By Meghan Hall
Large-scale residential development is expanding beyond its downtown confines to South Seattle, where developers are looking to get ahead of the region’s competitive multifamily market. The neighborhood of Othello is gearing up for the possible addition of a 249-unit apartment building proposed by a private, Olympia-based developer in conjunction with Studio19 Architects. The development, which is for now titled 5722 Apartments, received positive feedback from the Seattle Design Review Board at an Early Design Guidance meeting on Tuesday night, permitting the project to move forward with both the design review and entitlements processes.
The new apartment complex would be located at 5722 35th Ave. S. in a neighborhood that is transitioning from single-family to denser, multi-family construction. Immediate development surrounding the site on S. Juneau and 33rd Ave. are mid-scale multifamily, but beyond those borders single family housing is the predominate form of development in the neighborhood.
Several commercial businesses are also located along Martin Luther King Jr. Way, a major thoroughfare in the neighborhood that acts also as a more commercial corridor. Nazareth Market, 7-Eleven, Makkah Islamic School and the Filipino Community Center are just some of the businesses that will serve the residents of the future development.
With this context in mind, the development team sought to produce a project that would provide a unique treatment of the ground floor as it relates to the street, and emulate the creation of an outdoor space and modulation of the building’s façade to reduce perceived mass. Several local design inspirations include The Station at Othello Park, Mercy Plaza at Othello Station and Assembly 118, all of which have a modern look and feel with large windows and muted colors. The development team’s preferred massing concept would total 192,449 square feet and would provide one continuous street edge along 35th Ave. S. The building would form an “S” shape along the length of the site to provide two courtyards for residents, located on the northeast and southwest portions of the site.
An upper roof deck and 83 parking stalls would also be included in the plans.
In terms of materials, residential entries will be covered by cantilevers for weather protections, and would be composed of wood soffits and other textural elements to provide interest. Fiber cement, architectural concrete, corrugated metal and pops of color will also be utilized throughout.
However, in its deliberations, the design review board stated that it actually gravitated towards two massing schemes presented earlier in the meeting, as opposed to the development team’s final and preferred scheme. The review board questioned how useful the two plaza in the preferred scheme would function, and had several concerns about lighting and the building’s relationship to a wetland on a neighboring property.
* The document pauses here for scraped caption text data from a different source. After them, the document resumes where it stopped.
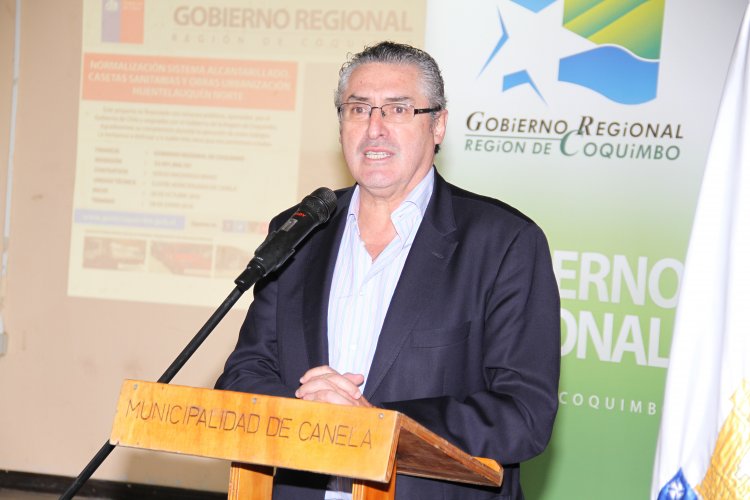 DESPUÉS DE 5 AÑOS EL GOBIERNO REGIONAL RETOMÓ OBRAS DEL ALCANTARILLADO EN HUENTELAUQUÉN NORTE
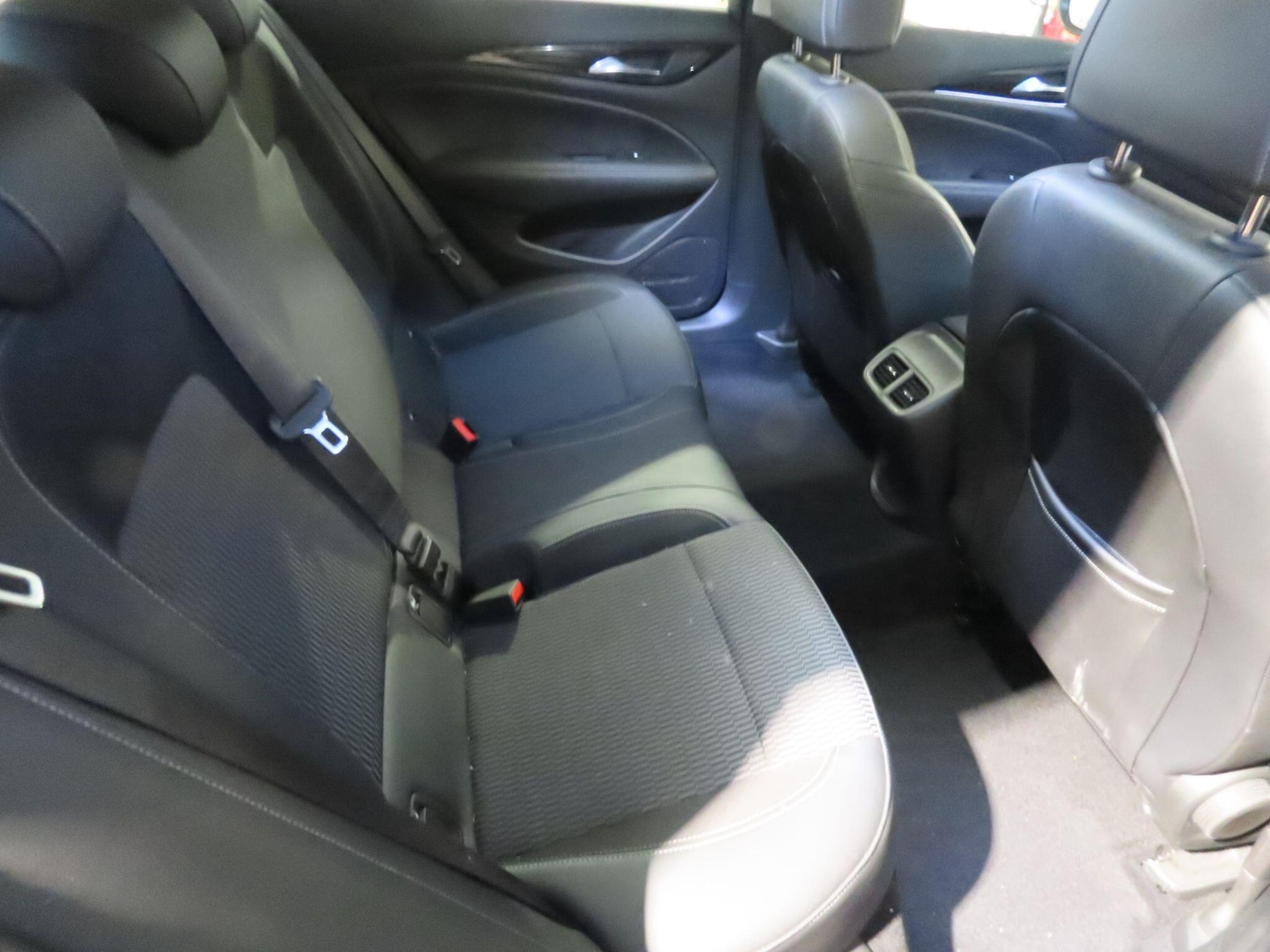 Used Vauxhall Insignia 2020 for sale - 76964489: Photo 9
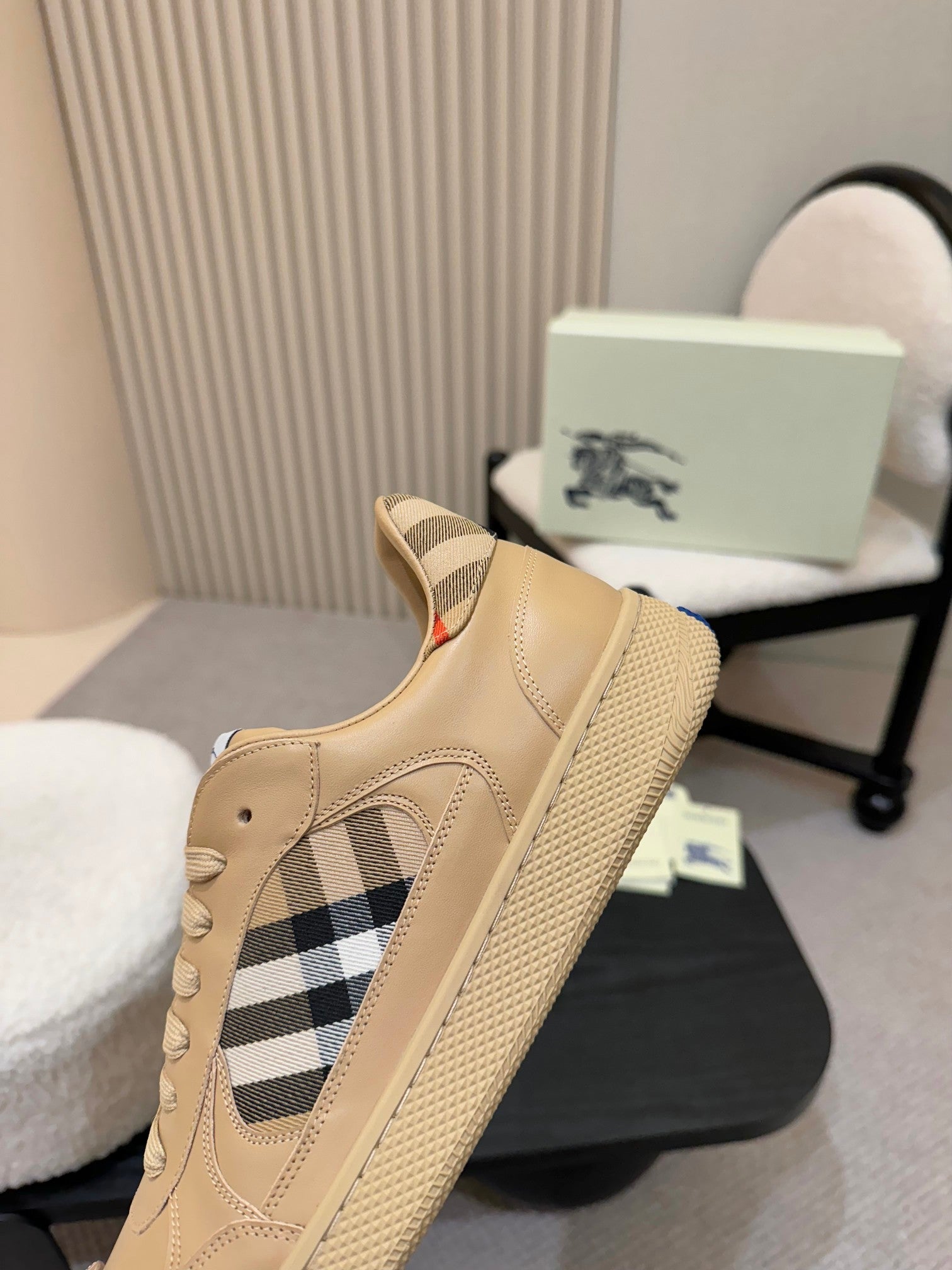 BURBERRY 26S SNEAKERS IN LIGHT BROWN AND BLACK CALFSKIN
Additionally, the review board found that the rectangular massing of the two previous options was a better fit for the neighborhood, with an overall less imposing presence that offered better flow. The review board maintained this opinion, even though the first two massing options included nearly 30 housing units less than the preferred option, stating that design and functionality should take precedence over density. The board also asked that moving forward, the development team explore how artwork, security and lighting would impact massing and the neighborhood context, as well as for clarification on how the project’s streetscape would be activated upon delivery of the development.
Regardless, the review board voted unanimously to move the project forward, and the development team will return in the coming months for an additional design review meeting during which they will present updated plans to the city of Seattle and the public.